• _REQUIREMENT_: Word for word, print each line of the listing below; pictures stay out.

• _DATASET EXCERPT_:
++++++
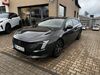 Peugeot 508 niederhosenbach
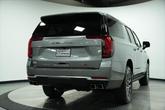 Thumbnail of 2025 GXD STERLING METALLIC GMC Yukon XL
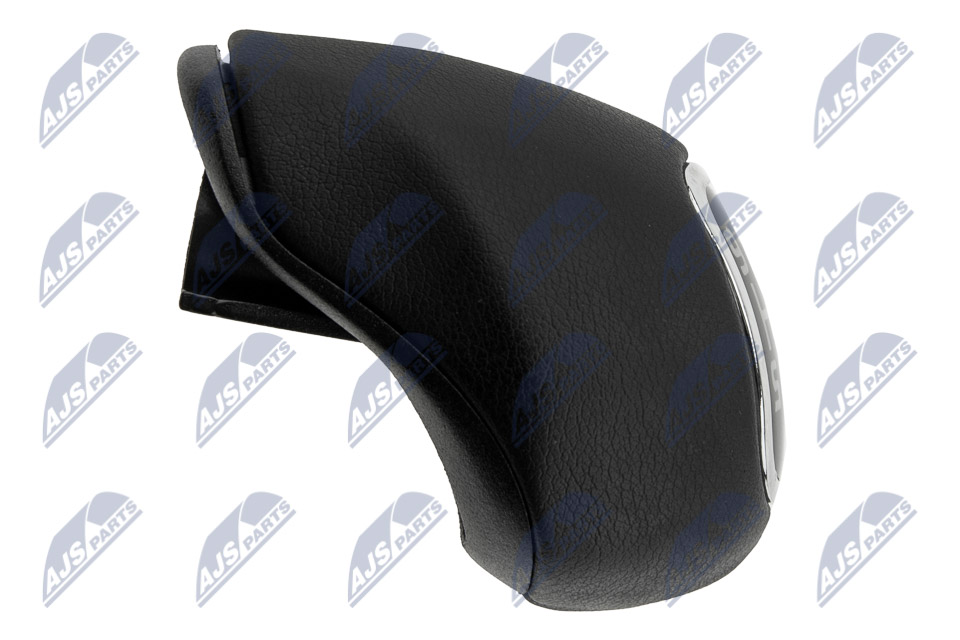 Ilustracja GZB-KA-300 NTY gałka dźwigni włączającej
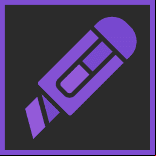 InPixio Photo Cutter 10.5.8105.27930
++++++
• _REPLY TO THE TASK_:
 Peugeot 508 niederhosenbach
 Thumbnail of 2025 GXD STERLING METALLIC GMC Yukon XL
 Ilustracja GZB-KA-300 NTY gałka dźwigni włączającej
 InPixio Photo Cutter 10.5.8105.27930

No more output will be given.